In early 2004 I was fortunate enough to find a system that was still running albeit in a strange configuration. When I received the system, it was in pretty "odd" shape. While it seemed to work well, the guts were very unusual for a dg system. The normally fragile memory boards had been replaced by a CPU piggyback card with 64k on two chips! There was also a special purpose PROM board that held three switchable PROMs. The case was in good shape with only a few scratches. The front panel was immaculate as were the other anodized aluminum parts. The toughest part was the keyboard which had some keys that were intermittent and the whole thing was yellowed from smoking.

Since the system was working, I was hesitant to just tear the thing apart so I started with the keyboard. With a great deal of advice from Bryan Blackburn, I carefully disassembled the keyboard and spent days cleaning each individual key cap with #0000 steel wool and various cleaning agents. I was very fortunate that the foam pads on the back of each key plunger had not deteriorated.
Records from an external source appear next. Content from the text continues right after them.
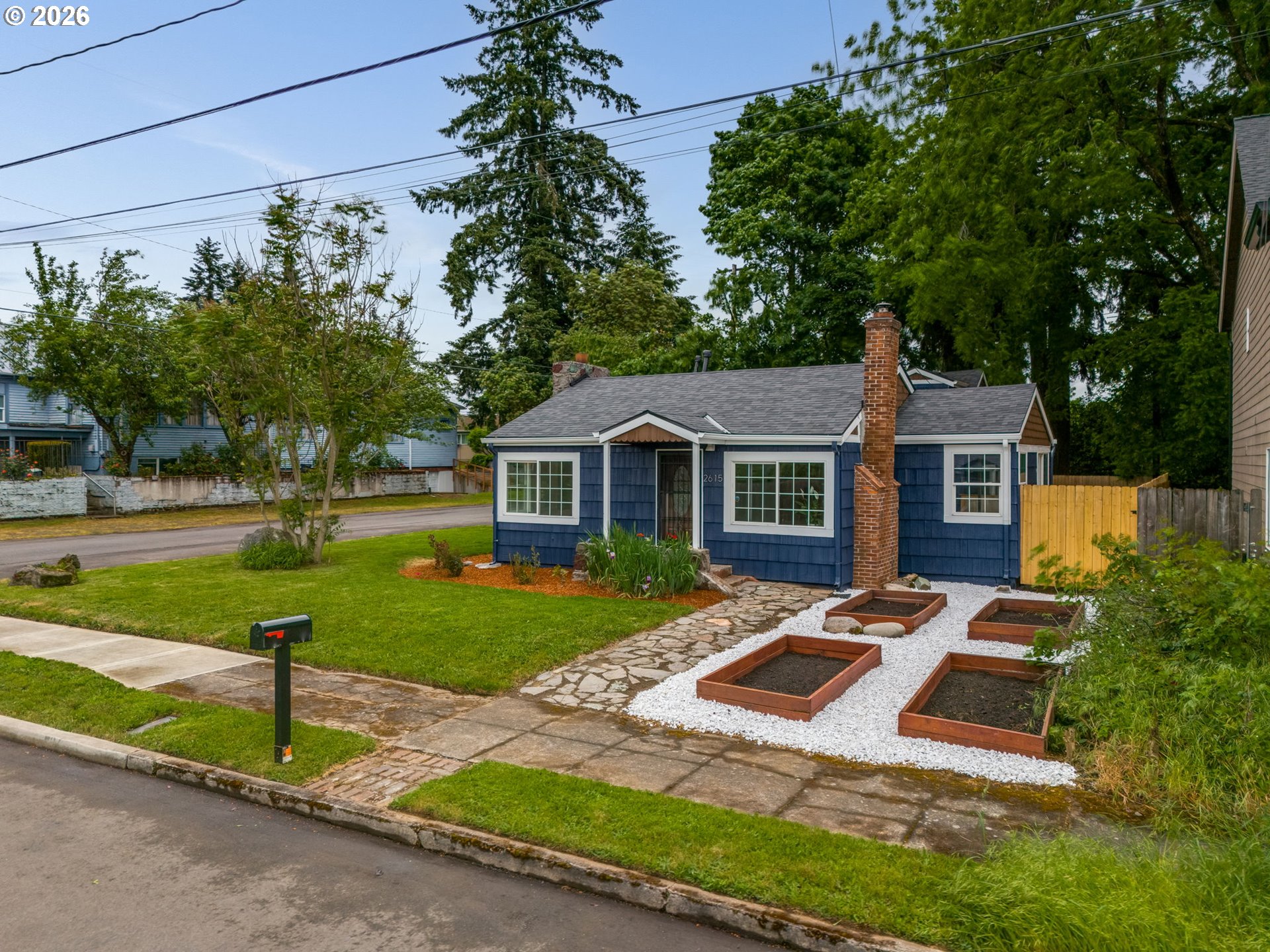 2615 K ST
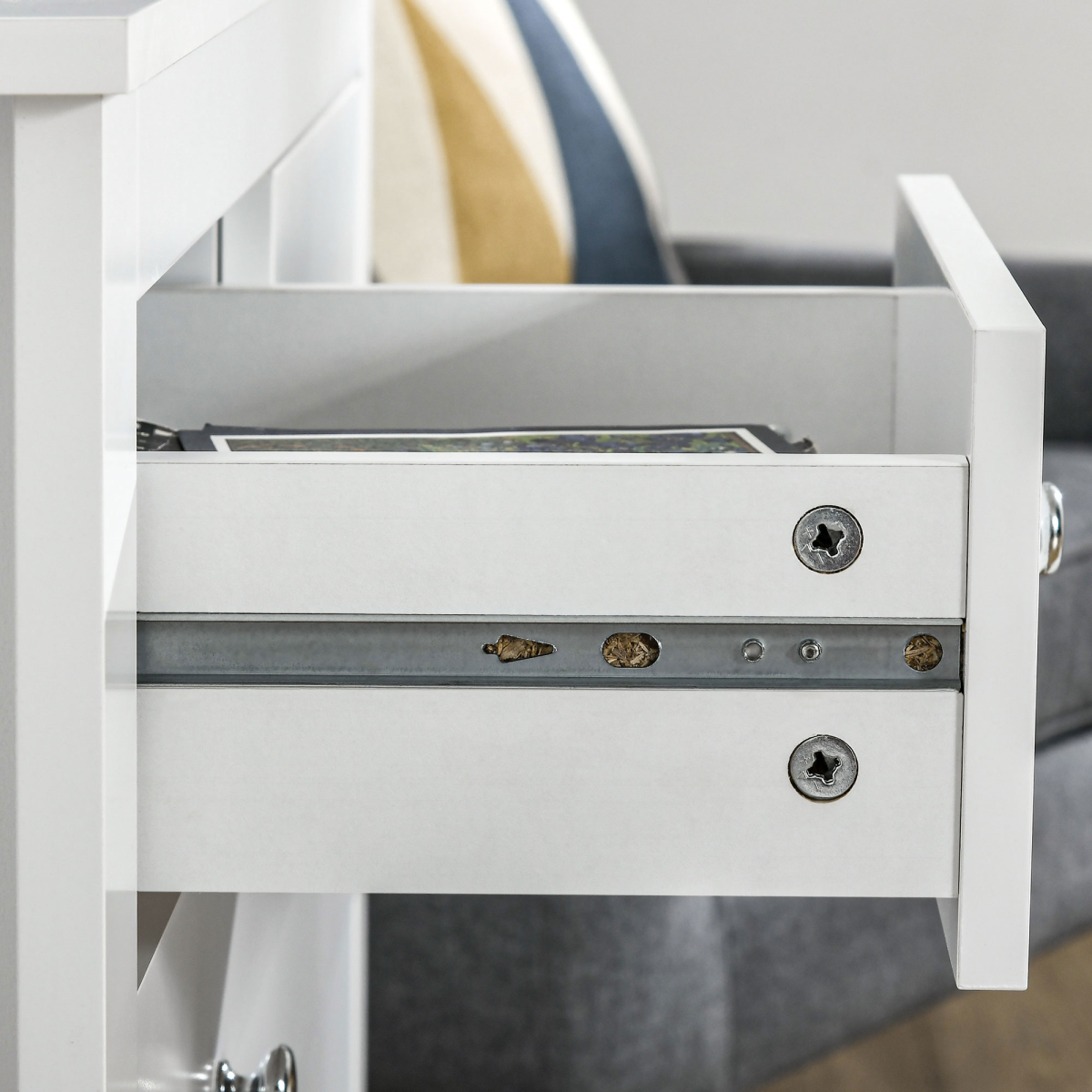 HOMCOM Modern 5-Drawer Chest with Metal Knob Handles – Bedroom Storage Cabinet, 2 Small and 3 Large Drawers, White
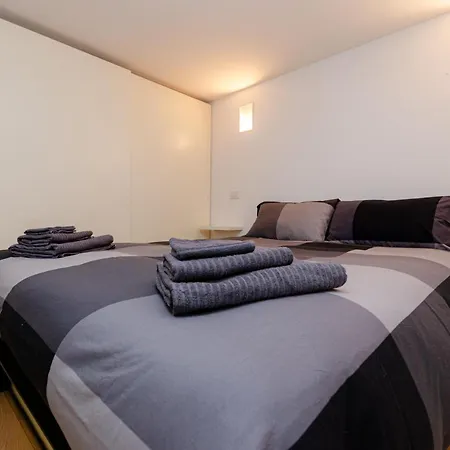 Vivimihome Loft Su Due Livelli Con Terrazzo Milánó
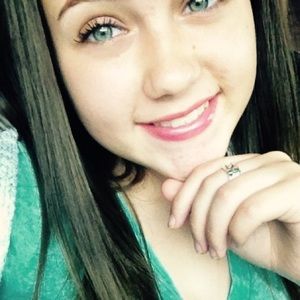 Meet your Posher, Iana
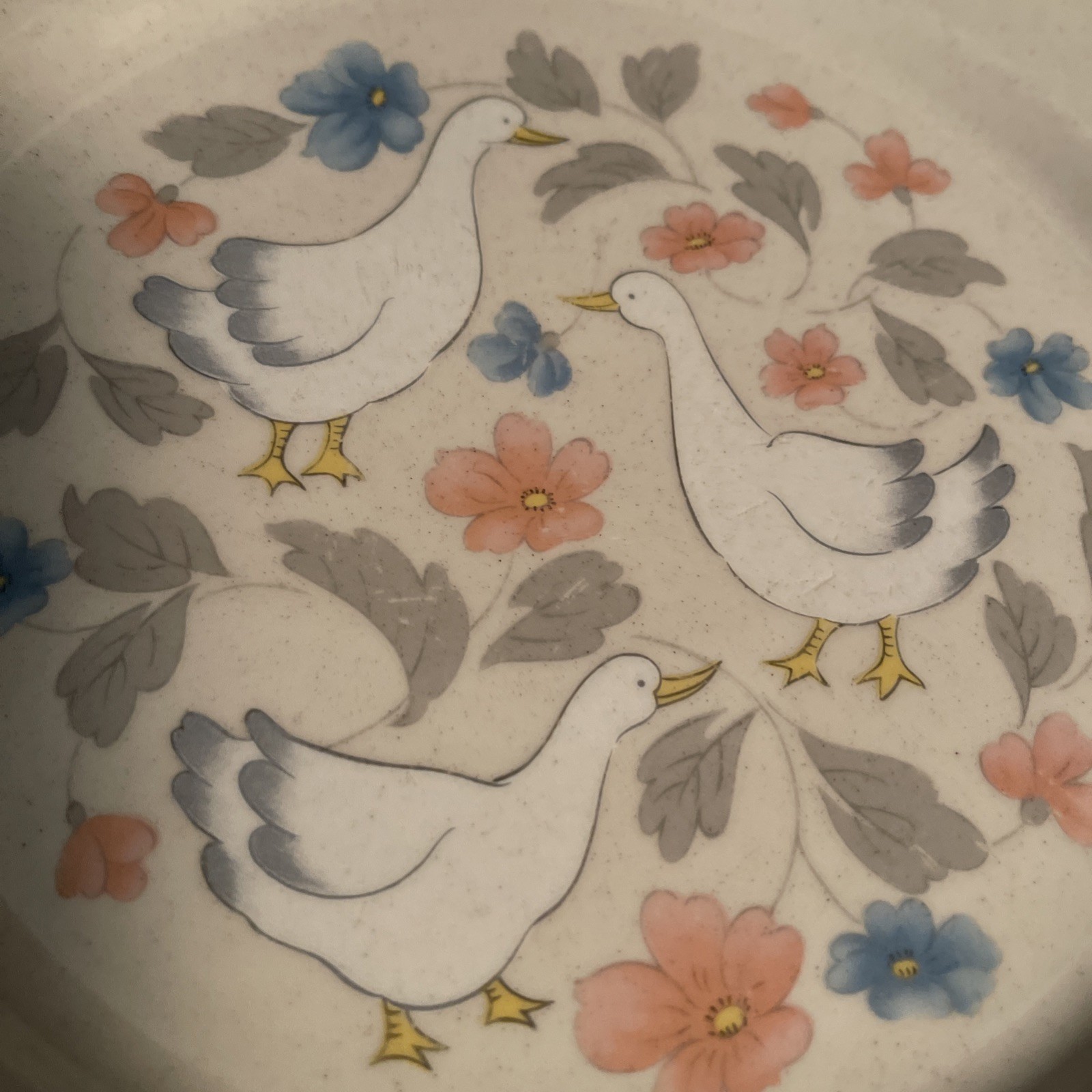 1988 COUNTRY CLASSICS ACTION COLLECTION DINNER PLATE 10 3/4 IN. PREOWNED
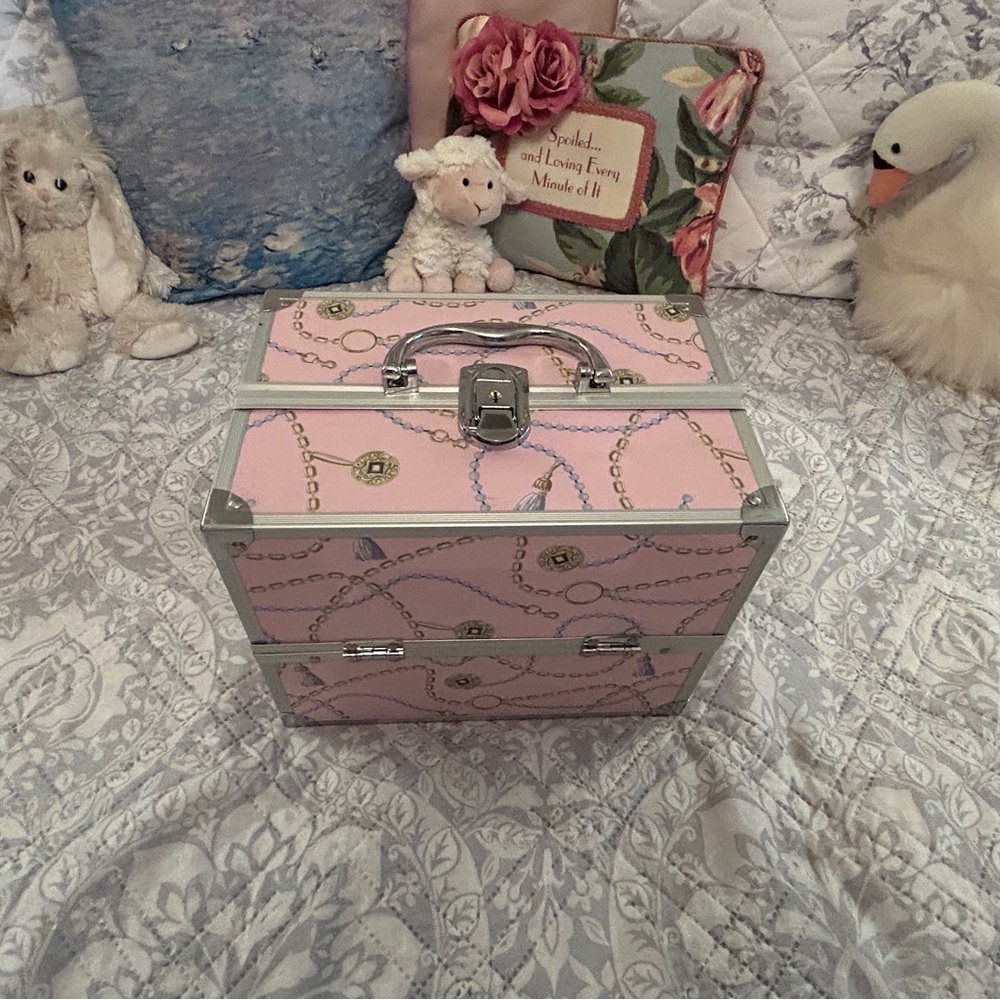 Pink Cosmetics/Jewelry case with keys. Silver Accents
I carefully cleaned the circuit board, reassembled and tested it out.... perfect!

A couple of moves and several other obligations kept me from this most enjoyable hobbie for several yeas. In that time I was fortunate enough to find two other systems, both seriously neglected but with some good boards and other stuff. One find included two brand new Phi-Deck drives still in the original boxes!!!!

Now the real fun begins. I have time to get back to restoring these venerable old machines and will build a complete chronicle of the restoration.

Thursday, March 29, 2007, 03:28 AM - General
Well here we go (finally)! I've been threatening to build a web-site and blog related to "the digital group" computers for some time (at least three years) and now I've done it.....

The purpose is threefold.

1) To provide a place for others to learn about the technology, history and people behind the digital group.
2) To provide a permanent repository for documentation, software and information related to digital group computers.
3) Provide an open forum to discuss restoration of digital group computers.

This will be an ongoing project, so please visit and contribute, memories, hardware, software, newsletters, articles, etc.

This whole thing started about five or six years ago when I had the opportunity to buy a somwhat working phi-deck system from a very nice fellow named Bruce Tipton that had made many mods to the basic system. He was even nice enough to get the system running again before he would send it! He also sent me numerous emails that were of great assistance in getting the system back up when it arrived. I'll post those emails in a future entry or perhaps even on a seperate page.

I had lots of additional help from Bryan Blackburn who is considered the guru on restoring digital group systems and a great guy to boot!